O dispositivo legal apena com detenção de um a cinco anos aquele que "adquirir, distribuir e revender derivados de petróleo, gás natural e suas frações recuperáveis, álcool etílico, hidratado carburante e demais combustíveis líquidos carburantes, em desacordo com as normas estabelecidas em lei". Por se tratar de uma norma penal em branco em sentido estrito ou heterogênea, a plena caracterização do crime está condicionada ao complemento de normas de diferentes instâncias, no caso as Portarias ANP nº 309, de 27/12/2001 e MAPA nº 678, de 31/08/2011, responsáveis por determinar a composição da gasolina, inclusive quanto ao porcentual de álcool para ela permitido.
Desse modo, após a modificação prevista para maio deste ano, para caracterizar o crime, deverá ser constatada na gasolina uma quantidade de etanol superior a 25%. Entretanto, a problemática não reside nos casos futuros, mas sim nas demandas em trâmite, nas quais se configurou o crime em razão de quantidade de álcool entre 20% e 25%, descontadas as margens de erro permitidas, de mais ou menos 1%.
Isso porque, de acordo com o artigo 5º, inciso XL da Constituição Federal, o direito brasileiro admite a retroatividade da lei penal mais benéfica ao réu. Entretanto, a aplicação desse comando para as normas penais em branco (tal como o delito em questão) gera divergências doutrinárias e jurisprudenciais.
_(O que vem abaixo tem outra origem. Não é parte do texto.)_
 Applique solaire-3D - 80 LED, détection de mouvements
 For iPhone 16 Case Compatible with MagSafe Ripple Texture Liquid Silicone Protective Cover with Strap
Hoje, de acordo com o Supremo Tribunal Federal, a norma penal em branco sempre retroagirá beneficamente quando seu complemento também for uma lei, o que não se enquadra no crime analisado, complementado por disposições administrativas. Nessa segunda hipótese, só se admitirá a retroatividade benéfica quando a alteração modificar verdadeiramente a figura abstrata do Direito Penal, não se enquadrando mudanças de caráter meramente atualizador ou circunstancial.
Em termos concretos, para o Superior Tribunal de Justiça (RHC 16172/SP), a alteração relativa à proporção de álcool na gasolina é meramente quantitativa, não sendo suficiente para autorizar a aplicação do princípio da retroatividade benéfica da norma posterior. Porém, esse entendimento não é pacífico, existindo fundamentos consistentes para defesa de raciocínio contrário.
Além de seu papel de destaque na severa Lei Seca, o etanol também será protagonista de polêmicas discussões envolvendo a futura mudança de seu porcentual na gasolina. Como visto, os debates extrapolarão o campo político-econômico, gerando efeitos jurídicos diversos, inclusive criminais. Sendo assim, para maio de 2013 há apenas uma certeza para o motorista: menos álcool no corpo, mais álcool no tanque.